** Description of the task **
No picture belongs in the answer, which must hold exactly the lines from the one with "2024年，秀人网名模，真实" through the final line below.

----

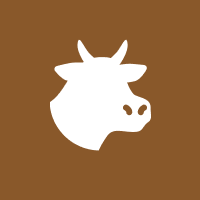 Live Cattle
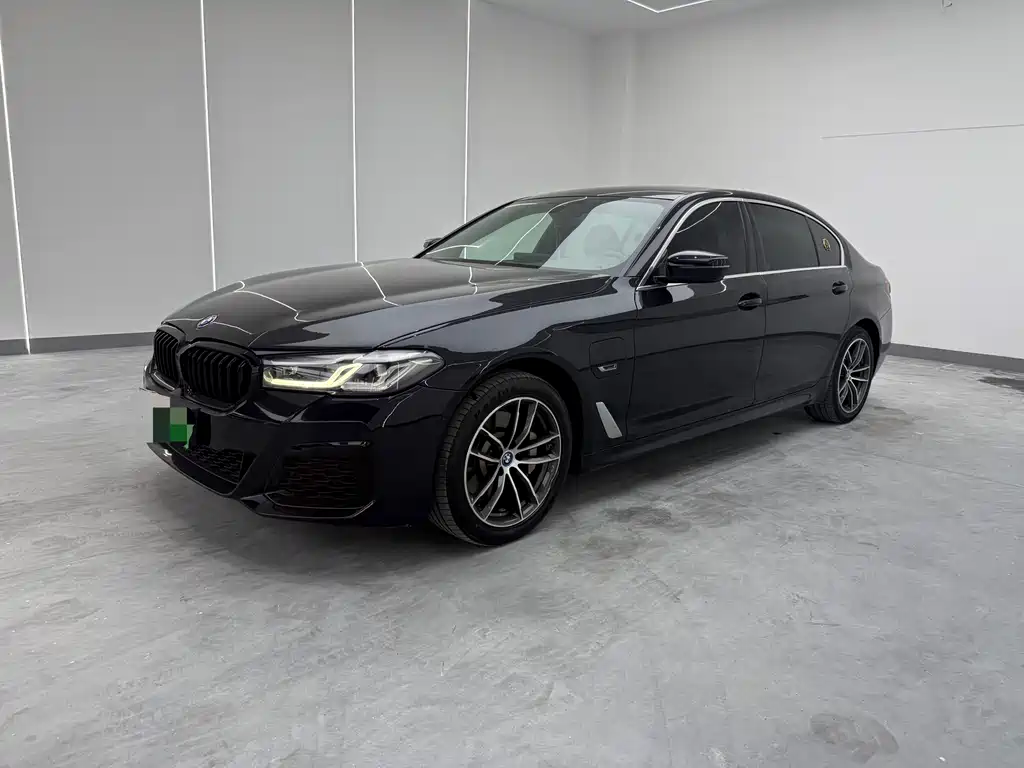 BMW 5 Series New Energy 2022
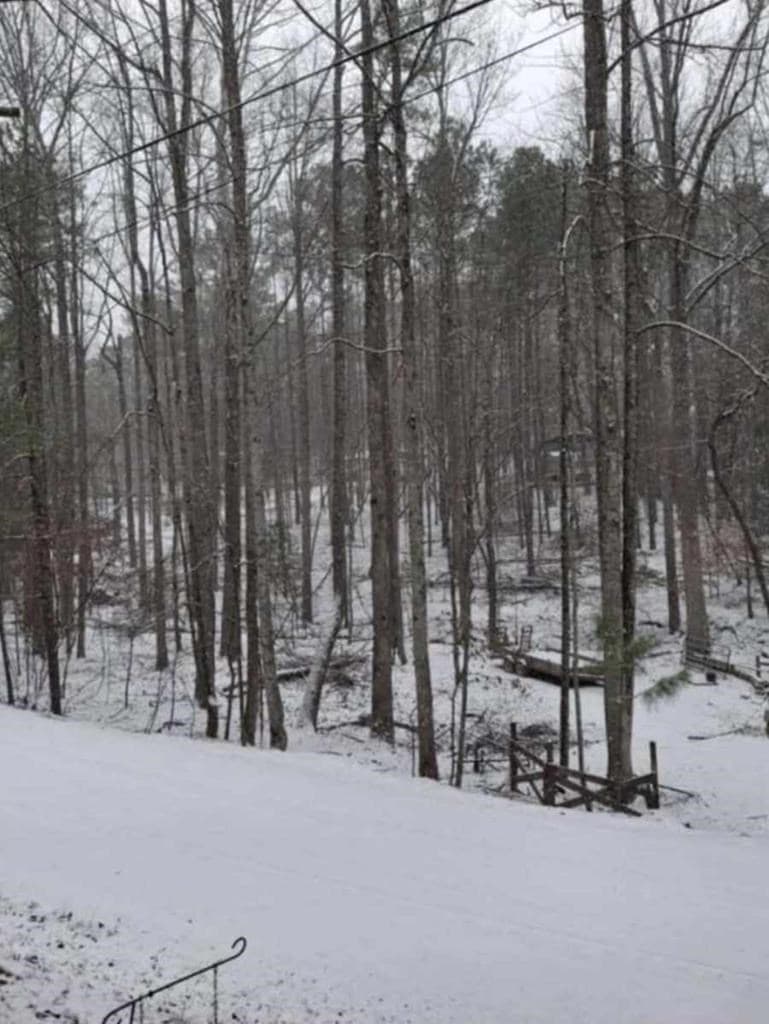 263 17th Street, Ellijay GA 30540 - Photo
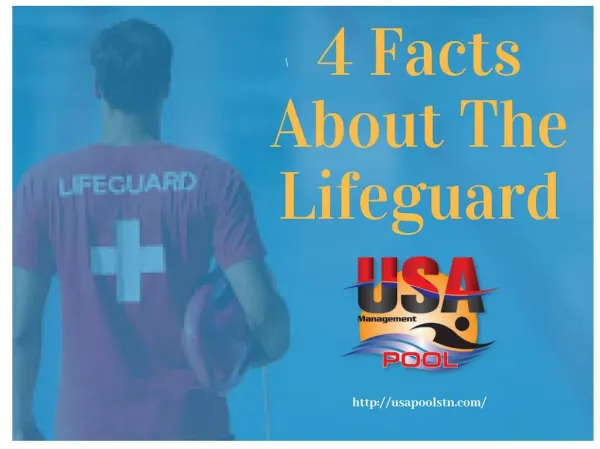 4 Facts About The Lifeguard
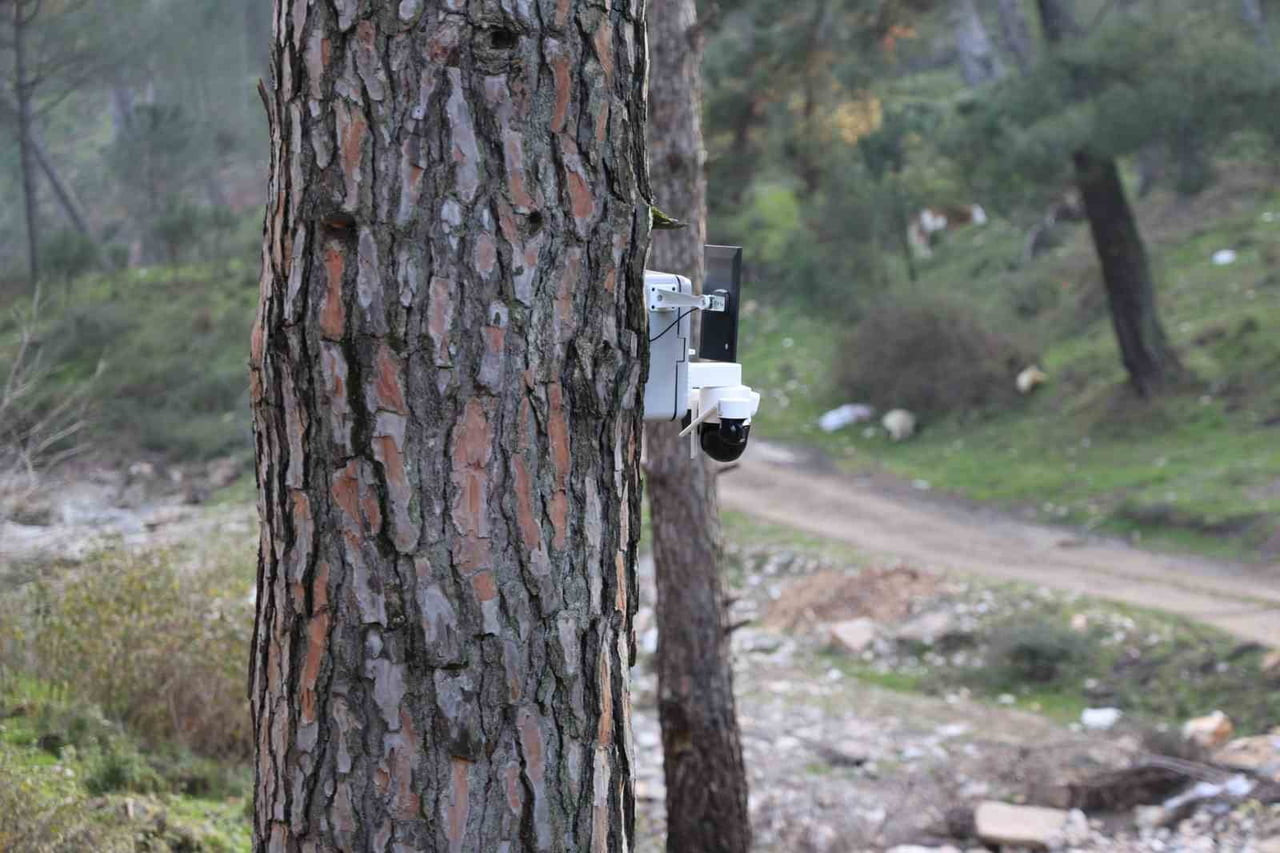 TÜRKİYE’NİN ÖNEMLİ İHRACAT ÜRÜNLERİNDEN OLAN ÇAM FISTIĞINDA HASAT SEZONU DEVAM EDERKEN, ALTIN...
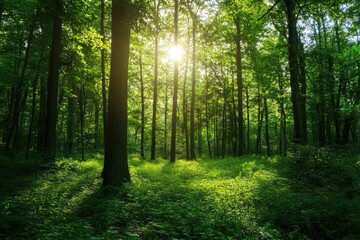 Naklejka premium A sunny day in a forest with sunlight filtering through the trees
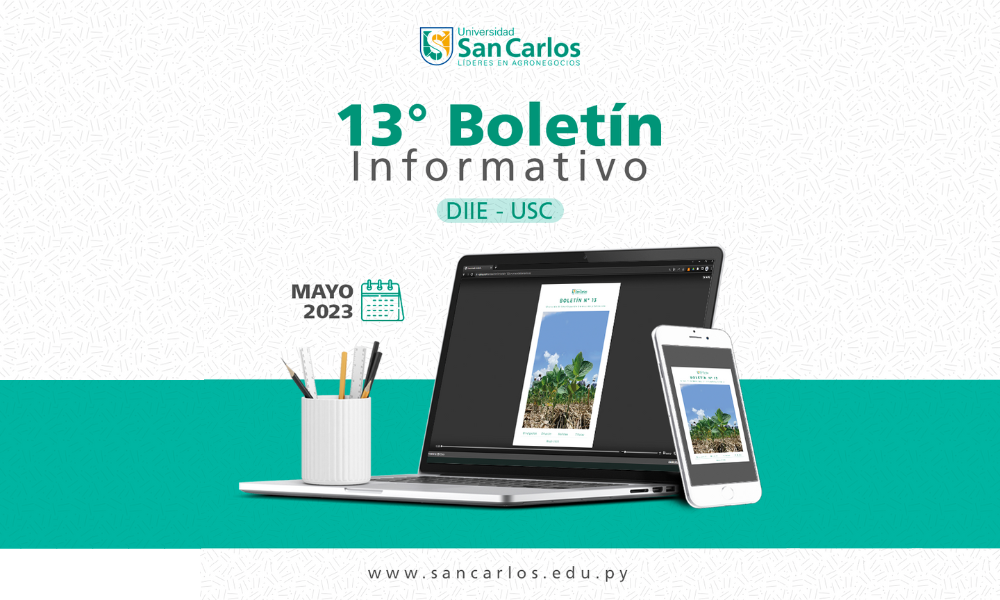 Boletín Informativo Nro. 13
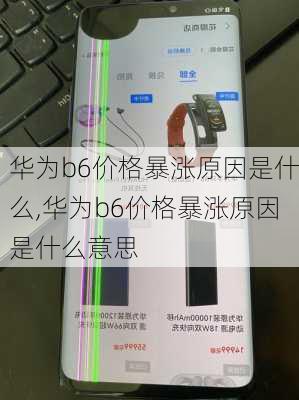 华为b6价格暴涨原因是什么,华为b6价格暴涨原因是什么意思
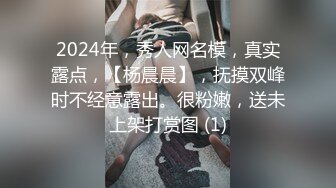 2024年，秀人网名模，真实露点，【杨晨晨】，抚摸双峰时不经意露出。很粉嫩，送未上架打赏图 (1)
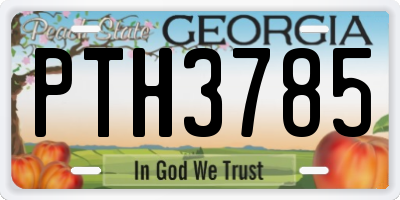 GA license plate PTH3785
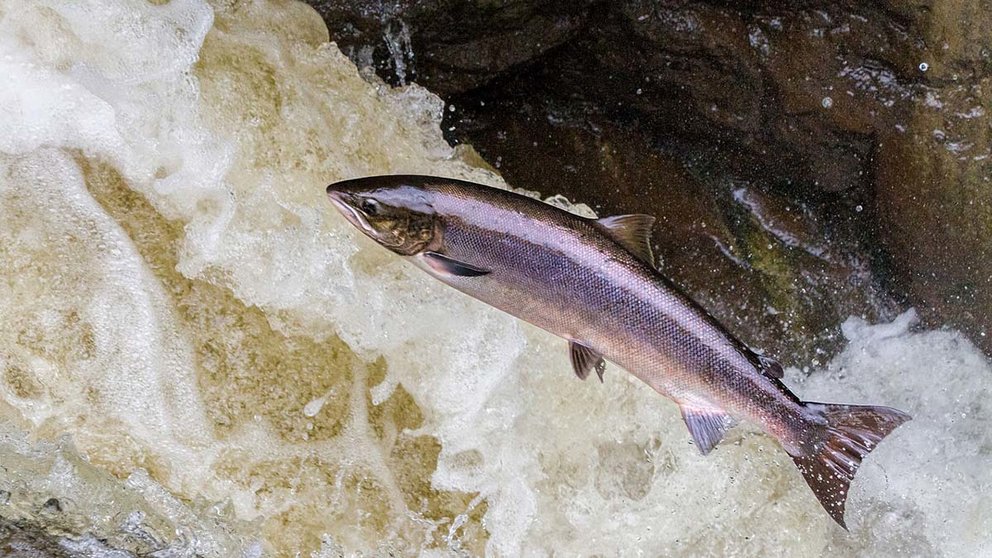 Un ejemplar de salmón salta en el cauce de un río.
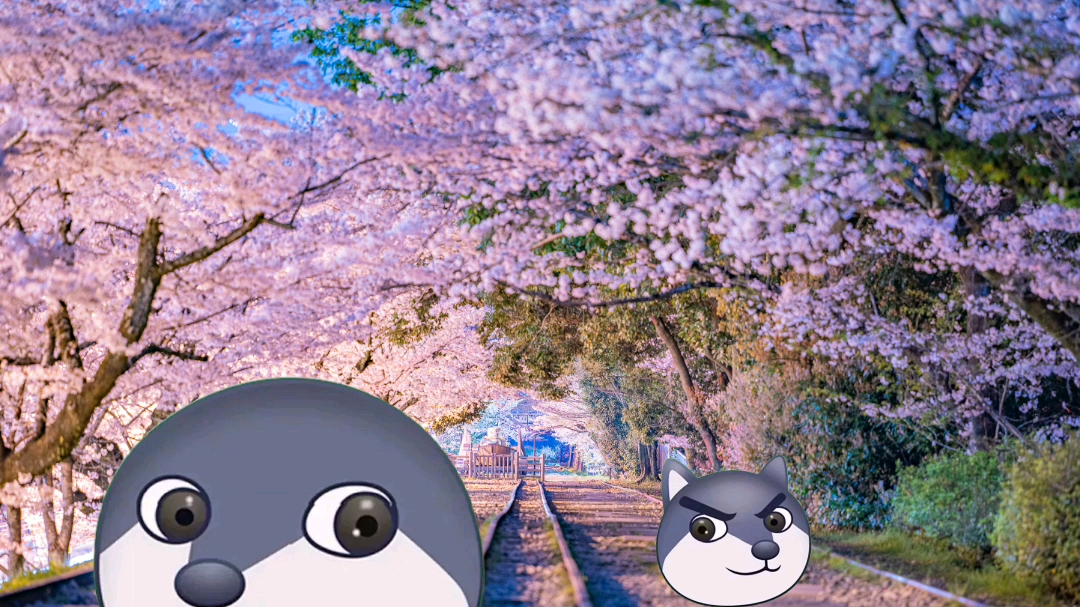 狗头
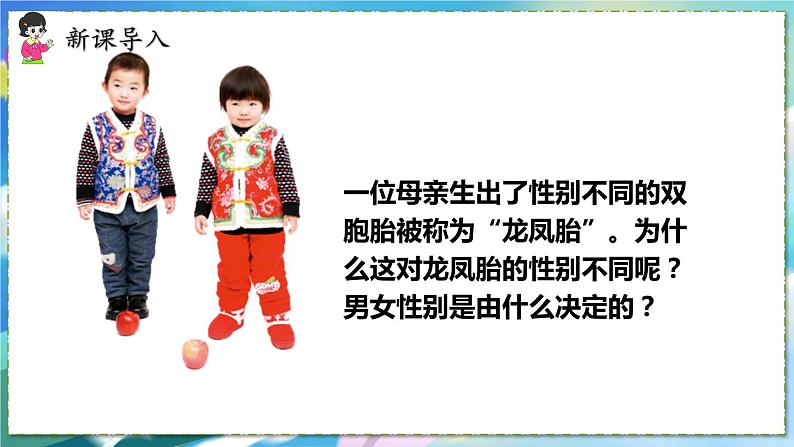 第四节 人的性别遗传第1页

----

** Written answer **
 2024年，秀人网名模，真实露点，【杨晨晨】，抚摸双峰时不经意露出。很粉嫩，送未上架打赏图 (1)
 GA license plate PTH3785
 Un ejemplar de salmón salta en el cauce de un río.
 狗头
 第四节 人的性别遗传第1页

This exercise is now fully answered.